Last but not least, in addition to our control solutions, we offer a comprehensive ecosystem of products that are designed specifically for laboratory-scale prototyping. Notably, our power modules ideally support the rapid assembly of power converters in the 1-100kW range, offering plug-&-play connectivity with our controllers as well as integrated gate drivers, protection logic and sensors.

2. Performance

Multi-purpose HIL/RCP boxes often rely on standard PC architectures, which limit the maximum achievable control rate to 50-100kHz due to excessive latency on the PCIe bus. Additionally, such unspecialized systems also frequently suffer from low PWM resolution and poor immunity to EMI and noise. Ultimately, these limitations become technological bottlenecks when working with wide-bandgap converters.

In our controllers, we address these limitations by utilizing advanced systems-on-chip that place the processor and the FPGA on the same silicon, minimizing transfer latency. Combined with a highly optimized bare-metal operating system, our architecture sustains hard real-time control loops that reach up to 500kHz on the CPU of the B-Box 4. Furthermore, the latter also happens to be the only RCP system to offer high-precision modulators, guaranteeing a resolution of ±250ps and an absolute precision of ±2ns, even accross multiple units.

Thanks to 20Msps 16bits ADCs, the B-Box 4 fully exploits the bandwidth of our newest range of modular sensors, which represent the backbone of the B-Box 4’s oversampling capability. At the analog hardware level, we implement high-end electronics and extensively leverage twisted pairs and shielding in order to maximize EMI rejection, particularly in the 1-20 MHz range (where this is most difficult but also critical), a detail often overlooked by conventional prototyping systems.

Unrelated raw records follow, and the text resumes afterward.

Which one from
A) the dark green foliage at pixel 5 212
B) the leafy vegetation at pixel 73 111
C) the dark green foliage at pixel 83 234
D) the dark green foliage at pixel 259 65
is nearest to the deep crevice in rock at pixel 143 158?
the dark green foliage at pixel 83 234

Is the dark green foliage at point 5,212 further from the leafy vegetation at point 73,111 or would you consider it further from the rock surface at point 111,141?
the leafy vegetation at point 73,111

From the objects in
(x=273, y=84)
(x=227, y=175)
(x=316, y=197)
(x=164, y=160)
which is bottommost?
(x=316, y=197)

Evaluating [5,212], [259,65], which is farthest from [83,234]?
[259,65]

Overall, the core purpose of a prototyping system being to stay ahead of standard industrial capabilities, our controllers are designed with the performance headroom necessary to be truly future-proof. Commercialized since 2026, the B-Box 4 embodies what we do best and also represents a big leap forward for the RCP industry.

3. Safety

Experimental research requires uncompromising safety, especially when control algorithms are still undergoing validation. For that reason, our controllers integrate protections that are running entirely independently from the software. As a result, our controllers guarantee that the power stage always remains secure, even if the CPU experiences a software hang, the FPGA encounters an error, or a power supply fails.

Upon detection any hardware or software problem, all PWM outputs are instantly blocked. The fault source is also indicated by LEDs and log messages. This way, users can easily identify the root cause and re-initiate regular operatation once the trip has been acknowledged.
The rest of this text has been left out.